Edge, here are three things Bono writes about you in his memoir: “Edge is the silence inside every noise,” “Edge is not a complainer and doesn’t do melodrama” and “Edge is from the future.” Are all of them true?
Edge: (laughs) The first two I’ll own up to. And “from the future” is a joke we’ve used a few times. Bono means I live in the future. I’ve come back here to reassure people that the future is, in fact, going to be OK.

He also says that when you were 15, your favorite album was “Close to the Edge” by Yes. Is that true?
Edge: It was one of my favorites. I probably learned how to play harmonics because of Steve Howe.

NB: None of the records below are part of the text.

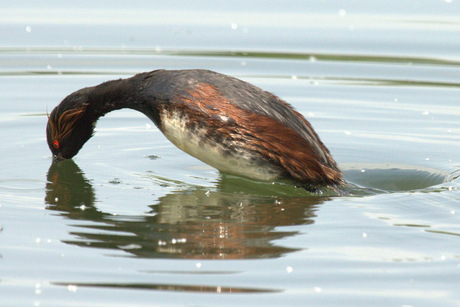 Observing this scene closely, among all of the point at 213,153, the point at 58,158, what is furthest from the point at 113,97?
the point at 213,153

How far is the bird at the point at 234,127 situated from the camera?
723 cm

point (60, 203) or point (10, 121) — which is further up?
point (10, 121)

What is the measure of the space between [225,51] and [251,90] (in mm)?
6102

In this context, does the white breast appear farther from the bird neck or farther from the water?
the bird neck

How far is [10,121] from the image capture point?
32.9ft

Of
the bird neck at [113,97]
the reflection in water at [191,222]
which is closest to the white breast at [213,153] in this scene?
the reflection in water at [191,222]

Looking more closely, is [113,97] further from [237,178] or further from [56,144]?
[237,178]

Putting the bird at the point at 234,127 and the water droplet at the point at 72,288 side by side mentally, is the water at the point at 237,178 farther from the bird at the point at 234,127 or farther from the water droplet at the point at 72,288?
the bird at the point at 234,127

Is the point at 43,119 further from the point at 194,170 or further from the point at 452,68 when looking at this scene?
the point at 452,68

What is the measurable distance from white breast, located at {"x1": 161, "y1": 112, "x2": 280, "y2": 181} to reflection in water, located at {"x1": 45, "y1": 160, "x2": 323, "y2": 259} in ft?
0.75

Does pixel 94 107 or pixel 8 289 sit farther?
→ pixel 94 107

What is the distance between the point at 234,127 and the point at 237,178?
87cm

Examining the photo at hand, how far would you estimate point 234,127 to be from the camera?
720 centimetres

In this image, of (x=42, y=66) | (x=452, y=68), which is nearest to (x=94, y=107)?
(x=42, y=66) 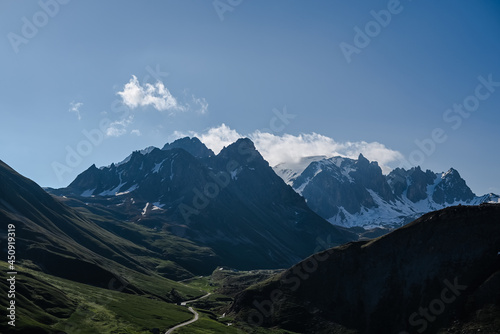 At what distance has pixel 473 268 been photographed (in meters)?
124

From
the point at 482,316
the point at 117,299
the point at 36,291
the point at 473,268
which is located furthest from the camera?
the point at 117,299

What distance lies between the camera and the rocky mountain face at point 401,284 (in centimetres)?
12012

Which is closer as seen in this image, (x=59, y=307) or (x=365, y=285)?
(x=59, y=307)

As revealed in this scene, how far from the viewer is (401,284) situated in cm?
13700

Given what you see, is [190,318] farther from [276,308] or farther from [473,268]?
[473,268]

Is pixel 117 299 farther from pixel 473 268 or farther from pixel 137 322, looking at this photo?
pixel 473 268

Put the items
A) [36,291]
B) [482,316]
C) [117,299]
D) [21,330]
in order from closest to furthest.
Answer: [21,330], [482,316], [36,291], [117,299]

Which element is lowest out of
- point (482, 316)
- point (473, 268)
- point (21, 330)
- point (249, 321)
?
point (482, 316)

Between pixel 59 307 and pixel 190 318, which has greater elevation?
pixel 59 307

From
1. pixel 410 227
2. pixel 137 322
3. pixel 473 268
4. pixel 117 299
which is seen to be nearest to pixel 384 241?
pixel 410 227

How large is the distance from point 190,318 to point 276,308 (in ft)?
109

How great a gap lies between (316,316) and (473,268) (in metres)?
53.5

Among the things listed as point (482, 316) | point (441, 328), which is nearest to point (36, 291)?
point (441, 328)

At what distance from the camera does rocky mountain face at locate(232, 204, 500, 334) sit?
120125 millimetres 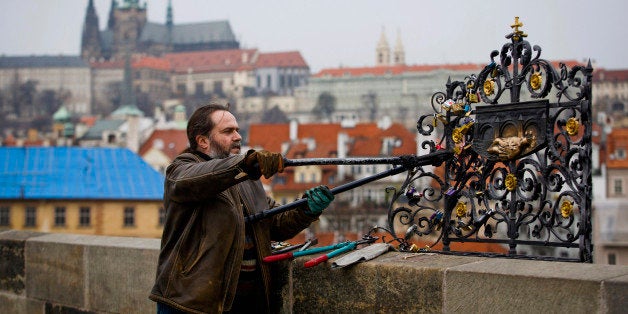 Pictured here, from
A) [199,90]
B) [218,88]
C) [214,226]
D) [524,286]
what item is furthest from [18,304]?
[199,90]

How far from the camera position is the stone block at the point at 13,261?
220 inches

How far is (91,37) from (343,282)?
170227mm

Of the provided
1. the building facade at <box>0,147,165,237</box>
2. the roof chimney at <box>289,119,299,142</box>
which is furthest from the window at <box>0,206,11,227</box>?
the roof chimney at <box>289,119,299,142</box>

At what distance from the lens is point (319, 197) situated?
342 centimetres

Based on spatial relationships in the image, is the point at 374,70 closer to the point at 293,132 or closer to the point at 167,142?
the point at 167,142

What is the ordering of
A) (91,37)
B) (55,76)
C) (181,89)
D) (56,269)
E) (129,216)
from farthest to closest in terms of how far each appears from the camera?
1. (91,37)
2. (181,89)
3. (55,76)
4. (129,216)
5. (56,269)

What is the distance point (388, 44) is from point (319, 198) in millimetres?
157482

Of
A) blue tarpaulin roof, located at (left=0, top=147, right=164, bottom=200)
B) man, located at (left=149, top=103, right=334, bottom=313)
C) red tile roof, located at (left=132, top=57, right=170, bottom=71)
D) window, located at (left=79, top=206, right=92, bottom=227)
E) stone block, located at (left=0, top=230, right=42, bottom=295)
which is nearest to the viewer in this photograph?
man, located at (left=149, top=103, right=334, bottom=313)

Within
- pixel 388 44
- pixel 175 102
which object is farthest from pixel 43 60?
pixel 388 44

Weirdly, my nickname was given to me a bit later, and I don’t think it was in reference to that album.

The biggest change on “Songs of Surrender” is in “Walk On,” which you released in 2000 and wrote for Aung San Suu Kyi, the Burmese political prisoner who won a Nobel Peace Prize and was later criticized, after she gained high office in Myanmar, for not objecting to the country’s persecution of Muslims. You rewrote it and now it’s about Ukraine’s president, Volodymyr Zelensky. Why did you make that change?
Bono: Once I got the line, “If the comic takes the stage and no one laughs,” I had to finish it. President Zelensky, the most important person standing up for freedom, was a stand-up comic. I’m not surprised, because comedians are the truth-tellers of our time, more than rock stars are.

I felt so let down by Aung San Suu Kyi, like many people did. So I gave the song to another figure. Then President Zelensky invited us to Kyiv, and we went off to Ukraine [in May 2022] to sing it for him. You can’t do much as artists, but you can show solidarity.

The funniest thing was, we were busking on a train station platform and it was perfectly lit. We’re in the middle of a war! Who’s lighting the buskers like this? But, of course, Zelensky is an actor and comedian. His No. 2 is a film producer. Storytelling is essential for their survival, and he wanted it to look right.

Even before U2 had a record deal, we played an anti-apartheid show. We were insufferable from a very early age. (laughs) This is the arrogance of great songwriting. John Fogerty had it. Bob Dylan, Kendrick Lamar, John Lennon, Bob Marley … If U2 communicated anything, outside of the personal conversations of our songs, I hope it was: The world is more malleable than you think. These immovable objects are not immovable.

So it’s always been important for you that the music is of some use?
Bono: We try to, but if it’s a s– song, it’s like, “No! Don’t make things worse! No more U2 songs!”